1945 book by Lucy and Richard Poate Stebbins

The Trollopes: The Chronicle of a Writing Family is a 1945 book by Lucy Poate Stebbins and her son Richard Poate Stebbins. Released by Columbia University Press, it centers on Frances Milton Trollope and her sons Anthony Trollope and Thomas Adolphus Trollope, all three of them writers. The book received positive reception for its coverage and accessibility, but divisive opinions on the handling of the subjects, particularly Anthony.

==Contents and themes==
The Trollopes is centered on Frances Milton Trollope, her sons Anthony and Thomas Adolphus Trollope; all three of them were novelists. The book starts with the Trollope matriarch, depicting her marriage and her struggle against poverty and illness, before centering around Anthony's life. Other people featured include husband Thomas Anthony, grandson Henry, and several in-law relatives, as well as contemporaries such as Robert Browning and William Makepeace Thackeray. The final part of the book includes a family tree of the Trollope family.

Topics discussed throughout the work include relationships, tragedies, political connections, and other internal family issues. According to John Gould Fletcher, the book argues that Anthony Trollope was "was extremely hard-working, but at bottom a crusty, disappointed, self-thwarted man and largely a self-deceiving one to boot; but a few flashes of genius at his disposal".

==Background and release==
The Trollopes was co-authored by novelist Lucy Poate Stebbins and her son, federal government official and future Council on Foreign Relations editor Richard Poate Stebbins. Prior to the book's release, the mother-son duo had released two books about German classical musicians - Enchanted Wanderer (1940) and Frank Damrosch: Let the People Sing (1945) - and the younger Stebbins had written a New York Times review of The Tireless Traveler: A Lifetime of Exploration, an edited volume of travel letters Anthony Trollope had written to the Liverpool Mercury, in 1942. Bradford A. Booth called it "a novelty in biography: one writing family comments on another", and Kirkus Reviews pointed out that this was "written by a mother and son -- this story of a mother and her sons."

The Trollopes was released by Columbia University Press on October 30, 1945. It has 394 pages and, around the time of release, sold for $4.00.

==Reception==
A. F. of the Irish Independent and W. G. Rogers applauded the extent of the coverage, and Fletcher commended the writers' extensive efforts on the research.

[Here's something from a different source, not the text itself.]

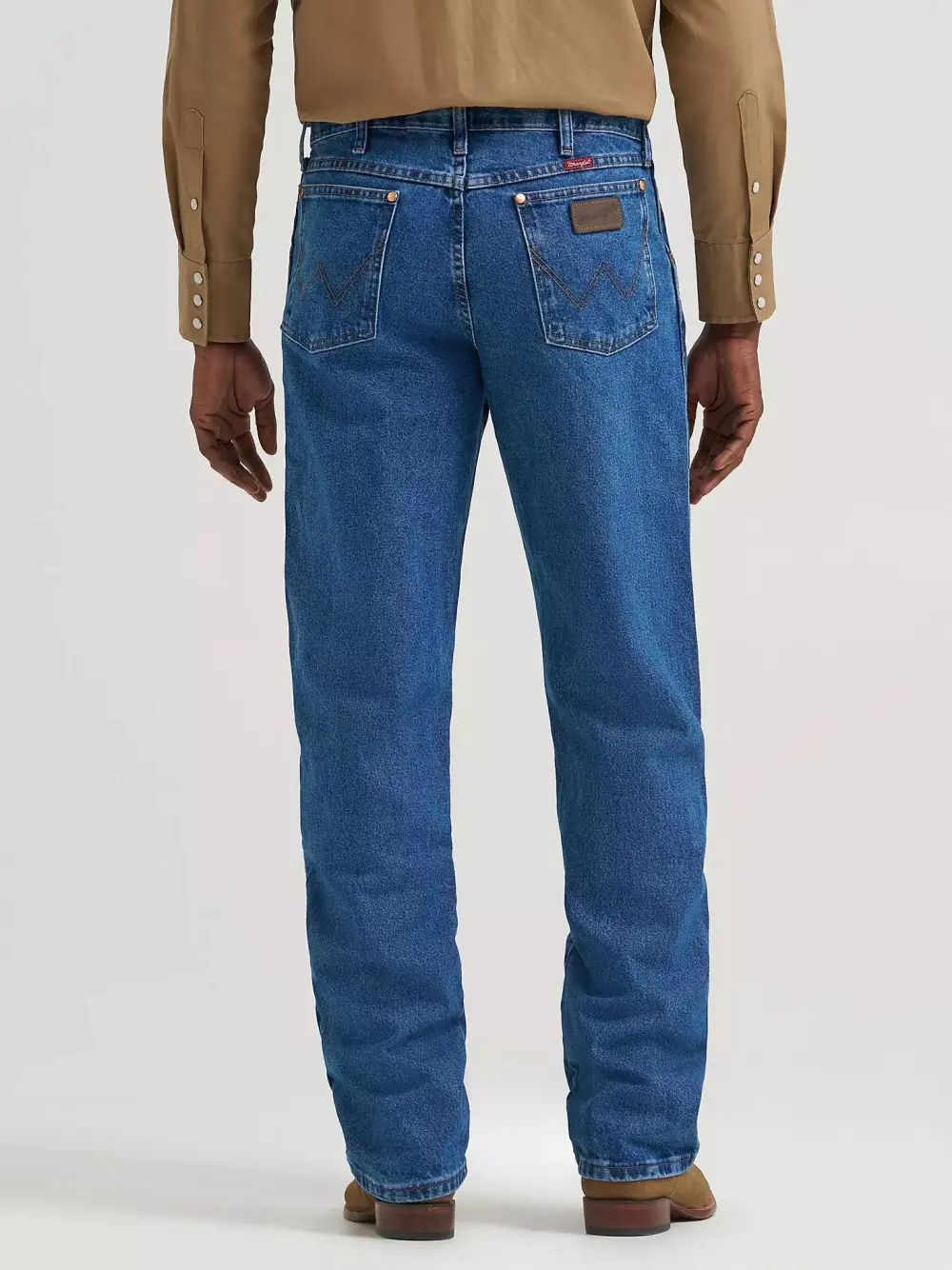 WRANGLER COWBOY CUT RELAXED FIT JEAN IN PREWASHED INDIGO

Several reviewers praised the accessibility of the book, though Rogers was concerned that "it does not cater to the man in the street". Grennan praised the neutral approach towards the subjects, remarking that the book "will send many readers back to Barsetshire",; further, both Booth and The Kenyon Review characterized the portrayal of several subjects as sympathetic and psychoanalytic (respectively).

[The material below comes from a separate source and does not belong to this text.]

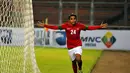Usai mencetak gol ke gawang Kyrgyzstan, Zulham Manik Zamrun berlari ke pinggir lapangan sambil merentangkan kedua tangannya (Liputan6.com/ Helmi Fithriansyah)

Fletcher called it more interesting than Lord David Cecil's Hardy; Kirkus Reviews discovered in the book "a sense of freshness since the half-forgotten Sadleir and Walpole books;" and J. C. Squire boasted that the scope of the book surpassed other works about Anthony Trollope, including those written by Michael Sadleir. Harry Levin also drew comparisons with other novelist biographies released the same year, (Note: Namely Laura L. Hinkley's Charlotte and Emily: The Brontës, Frederick J. Hoffman's Freudianism and the Literary Mind, and Frances Winwar's The Life of the Heart: George Sand and her Times, as well as the F. Scott Fitzgerald edited volume The Crack-Up, Gordon Norton Ray's edited volume The Letters and Private Papers of William Makepeace Thackeray (1945) and Nicholas Wreden's translation of Tikhon Polner's Tolstoy and his Wife.) noting that the "well-rounded family chronicle" could complement Trollope's existing An Autobiography. Mrs. J. W. Bonner of the Tampa Bay Times vowed that the book "will delight Trollope enthusiasts and will interest anyone with literary tastes".

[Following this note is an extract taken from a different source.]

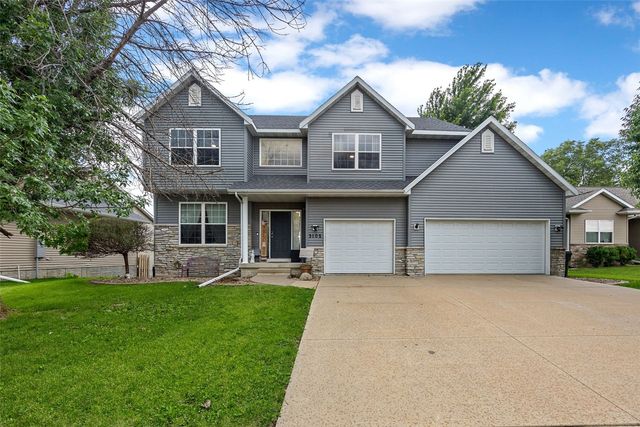 3102 Falcon View Court SW, Cedar Rapids, IA 52404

Several critics derided the authors' negative portrayal of Anthony, with The Kenyon Review characterizing it as anti-Victorian and Fletcher feeling that it did not adequately address the discrepancy between his posthumous popularity and that of his brother Thomas. Conversely, Orville Prescott of The New York Times called it an example of Anthony's then-growing critical applause.